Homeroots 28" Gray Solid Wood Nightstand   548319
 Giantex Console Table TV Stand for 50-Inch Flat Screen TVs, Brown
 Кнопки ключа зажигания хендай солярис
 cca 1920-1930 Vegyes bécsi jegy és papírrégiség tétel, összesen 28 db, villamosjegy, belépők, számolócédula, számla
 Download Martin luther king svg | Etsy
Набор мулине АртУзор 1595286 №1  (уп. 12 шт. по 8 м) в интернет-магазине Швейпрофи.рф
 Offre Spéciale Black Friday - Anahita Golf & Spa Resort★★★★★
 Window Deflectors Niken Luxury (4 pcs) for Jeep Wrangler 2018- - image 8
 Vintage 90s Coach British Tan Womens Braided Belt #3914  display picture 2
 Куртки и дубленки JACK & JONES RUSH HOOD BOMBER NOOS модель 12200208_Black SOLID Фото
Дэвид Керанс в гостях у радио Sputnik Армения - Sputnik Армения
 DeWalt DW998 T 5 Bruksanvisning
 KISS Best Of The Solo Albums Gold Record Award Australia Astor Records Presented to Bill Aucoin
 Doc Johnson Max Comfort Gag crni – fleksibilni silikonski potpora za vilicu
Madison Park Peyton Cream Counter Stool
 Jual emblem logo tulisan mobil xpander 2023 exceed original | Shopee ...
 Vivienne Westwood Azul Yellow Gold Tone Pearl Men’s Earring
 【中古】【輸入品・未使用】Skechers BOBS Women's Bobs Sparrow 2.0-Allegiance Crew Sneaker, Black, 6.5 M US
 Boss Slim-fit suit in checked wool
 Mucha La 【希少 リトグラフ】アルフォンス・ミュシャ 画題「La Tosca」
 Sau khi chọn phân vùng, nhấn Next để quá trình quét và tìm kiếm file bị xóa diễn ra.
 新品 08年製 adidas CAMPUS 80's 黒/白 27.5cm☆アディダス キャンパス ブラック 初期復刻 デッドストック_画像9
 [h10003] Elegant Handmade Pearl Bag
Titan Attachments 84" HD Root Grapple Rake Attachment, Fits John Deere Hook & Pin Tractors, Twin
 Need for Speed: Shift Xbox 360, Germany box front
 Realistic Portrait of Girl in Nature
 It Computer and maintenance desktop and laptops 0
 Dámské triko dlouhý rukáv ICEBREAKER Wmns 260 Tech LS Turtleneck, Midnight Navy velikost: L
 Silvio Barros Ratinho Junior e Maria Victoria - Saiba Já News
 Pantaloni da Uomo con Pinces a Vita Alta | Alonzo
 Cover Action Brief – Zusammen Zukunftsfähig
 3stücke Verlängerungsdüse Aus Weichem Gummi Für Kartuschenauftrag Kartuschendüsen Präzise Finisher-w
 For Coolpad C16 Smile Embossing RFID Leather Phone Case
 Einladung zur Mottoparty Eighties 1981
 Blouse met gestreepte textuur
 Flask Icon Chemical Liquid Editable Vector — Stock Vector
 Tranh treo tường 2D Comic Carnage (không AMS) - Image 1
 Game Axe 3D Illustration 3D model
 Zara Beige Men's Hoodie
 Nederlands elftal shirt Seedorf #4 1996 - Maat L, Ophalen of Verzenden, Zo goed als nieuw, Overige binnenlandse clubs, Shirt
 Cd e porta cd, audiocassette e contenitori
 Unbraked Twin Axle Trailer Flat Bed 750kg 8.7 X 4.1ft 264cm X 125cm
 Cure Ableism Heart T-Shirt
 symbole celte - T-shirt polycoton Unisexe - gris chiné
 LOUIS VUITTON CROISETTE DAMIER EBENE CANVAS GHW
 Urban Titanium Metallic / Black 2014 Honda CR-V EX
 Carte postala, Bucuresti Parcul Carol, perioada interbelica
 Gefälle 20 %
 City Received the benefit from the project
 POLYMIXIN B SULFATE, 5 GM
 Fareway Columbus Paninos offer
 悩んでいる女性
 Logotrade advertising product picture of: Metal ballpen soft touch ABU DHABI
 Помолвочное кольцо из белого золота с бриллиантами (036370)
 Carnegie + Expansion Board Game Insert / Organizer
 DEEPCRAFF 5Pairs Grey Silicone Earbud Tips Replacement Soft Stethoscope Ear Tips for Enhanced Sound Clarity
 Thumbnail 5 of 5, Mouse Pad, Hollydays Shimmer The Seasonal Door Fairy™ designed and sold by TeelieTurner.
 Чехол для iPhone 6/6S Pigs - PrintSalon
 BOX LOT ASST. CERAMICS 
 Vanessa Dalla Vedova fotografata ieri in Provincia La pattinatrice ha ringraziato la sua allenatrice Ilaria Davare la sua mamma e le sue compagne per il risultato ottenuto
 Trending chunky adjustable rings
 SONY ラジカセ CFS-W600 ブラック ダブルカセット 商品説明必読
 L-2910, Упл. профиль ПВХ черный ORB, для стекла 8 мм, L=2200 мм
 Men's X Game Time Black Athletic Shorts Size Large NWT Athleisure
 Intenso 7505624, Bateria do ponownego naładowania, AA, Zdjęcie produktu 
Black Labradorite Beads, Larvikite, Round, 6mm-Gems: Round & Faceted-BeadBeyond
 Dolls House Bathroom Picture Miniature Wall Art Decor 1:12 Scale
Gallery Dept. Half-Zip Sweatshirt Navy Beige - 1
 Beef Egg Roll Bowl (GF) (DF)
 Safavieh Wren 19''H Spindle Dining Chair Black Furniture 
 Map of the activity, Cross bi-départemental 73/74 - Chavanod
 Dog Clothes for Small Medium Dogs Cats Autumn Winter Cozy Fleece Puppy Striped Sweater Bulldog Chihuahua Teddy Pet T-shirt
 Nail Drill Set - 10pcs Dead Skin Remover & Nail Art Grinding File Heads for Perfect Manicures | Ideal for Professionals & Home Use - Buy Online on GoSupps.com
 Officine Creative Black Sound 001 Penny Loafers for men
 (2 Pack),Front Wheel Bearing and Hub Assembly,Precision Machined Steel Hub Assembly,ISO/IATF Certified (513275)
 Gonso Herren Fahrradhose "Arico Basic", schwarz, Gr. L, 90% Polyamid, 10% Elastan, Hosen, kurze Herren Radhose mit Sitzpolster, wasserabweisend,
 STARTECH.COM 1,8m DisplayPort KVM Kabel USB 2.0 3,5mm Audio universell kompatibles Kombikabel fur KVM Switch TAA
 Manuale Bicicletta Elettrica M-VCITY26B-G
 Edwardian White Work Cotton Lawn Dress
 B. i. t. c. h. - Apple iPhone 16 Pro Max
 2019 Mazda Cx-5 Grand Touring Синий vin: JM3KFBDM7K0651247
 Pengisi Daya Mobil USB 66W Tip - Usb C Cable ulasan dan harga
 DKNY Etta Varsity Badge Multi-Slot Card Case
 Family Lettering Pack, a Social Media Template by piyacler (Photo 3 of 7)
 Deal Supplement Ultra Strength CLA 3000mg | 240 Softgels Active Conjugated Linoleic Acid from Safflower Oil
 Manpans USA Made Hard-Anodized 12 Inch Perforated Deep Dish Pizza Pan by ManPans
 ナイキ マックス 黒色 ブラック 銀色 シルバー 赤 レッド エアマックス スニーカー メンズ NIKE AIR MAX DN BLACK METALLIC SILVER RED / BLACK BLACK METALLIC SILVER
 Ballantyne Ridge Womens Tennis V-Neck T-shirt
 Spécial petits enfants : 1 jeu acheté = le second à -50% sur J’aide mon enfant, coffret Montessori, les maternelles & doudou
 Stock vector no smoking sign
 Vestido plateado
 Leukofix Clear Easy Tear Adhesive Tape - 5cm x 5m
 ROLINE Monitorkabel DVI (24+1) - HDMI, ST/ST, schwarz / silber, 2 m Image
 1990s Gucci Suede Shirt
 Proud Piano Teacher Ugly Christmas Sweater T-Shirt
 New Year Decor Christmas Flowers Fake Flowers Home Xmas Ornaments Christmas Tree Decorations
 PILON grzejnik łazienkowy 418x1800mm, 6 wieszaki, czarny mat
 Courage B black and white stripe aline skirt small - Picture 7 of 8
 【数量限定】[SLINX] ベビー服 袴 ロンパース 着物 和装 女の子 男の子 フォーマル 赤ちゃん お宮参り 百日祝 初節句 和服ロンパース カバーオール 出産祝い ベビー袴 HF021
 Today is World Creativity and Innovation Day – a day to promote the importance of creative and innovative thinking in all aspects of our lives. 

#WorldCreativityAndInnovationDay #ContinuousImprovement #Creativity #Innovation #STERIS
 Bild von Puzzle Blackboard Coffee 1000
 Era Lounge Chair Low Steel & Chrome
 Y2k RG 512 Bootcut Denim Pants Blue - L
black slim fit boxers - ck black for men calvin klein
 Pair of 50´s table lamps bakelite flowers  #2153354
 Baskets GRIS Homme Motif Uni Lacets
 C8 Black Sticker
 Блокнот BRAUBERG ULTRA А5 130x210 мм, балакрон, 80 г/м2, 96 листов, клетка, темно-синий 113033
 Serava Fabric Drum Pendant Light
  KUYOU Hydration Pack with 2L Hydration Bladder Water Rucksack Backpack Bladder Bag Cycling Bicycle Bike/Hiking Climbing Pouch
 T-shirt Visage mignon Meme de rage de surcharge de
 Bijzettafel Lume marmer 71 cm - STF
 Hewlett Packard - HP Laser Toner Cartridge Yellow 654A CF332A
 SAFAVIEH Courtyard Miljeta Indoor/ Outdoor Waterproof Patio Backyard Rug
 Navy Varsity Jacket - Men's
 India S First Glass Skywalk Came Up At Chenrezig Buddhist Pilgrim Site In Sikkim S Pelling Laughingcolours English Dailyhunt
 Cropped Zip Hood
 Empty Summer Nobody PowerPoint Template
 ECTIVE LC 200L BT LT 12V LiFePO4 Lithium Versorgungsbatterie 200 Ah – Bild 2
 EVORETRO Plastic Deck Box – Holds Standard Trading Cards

#### EXERCISE GOAL
Everything in the material above from the line that has "KISS Best Of" through the line that has "Vivienne Westwood Azul" must be duplicated exactly, with no other lines given.

#### RESPONSE TO THIS TASK
 KISS Best Of The Solo Albums Gold Record Award Australia Astor Records Presented to Bill Aucoin
 Doc Johnson Max Comfort Gag crni – fleksibilni silikonski potpora za vilicu
Madison Park Peyton Cream Counter Stool
 Jual emblem logo tulisan mobil xpander 2023 exceed original | Shopee ...
 Vivienne Westwood Azul Yellow Gold Tone Pearl Men’s Earring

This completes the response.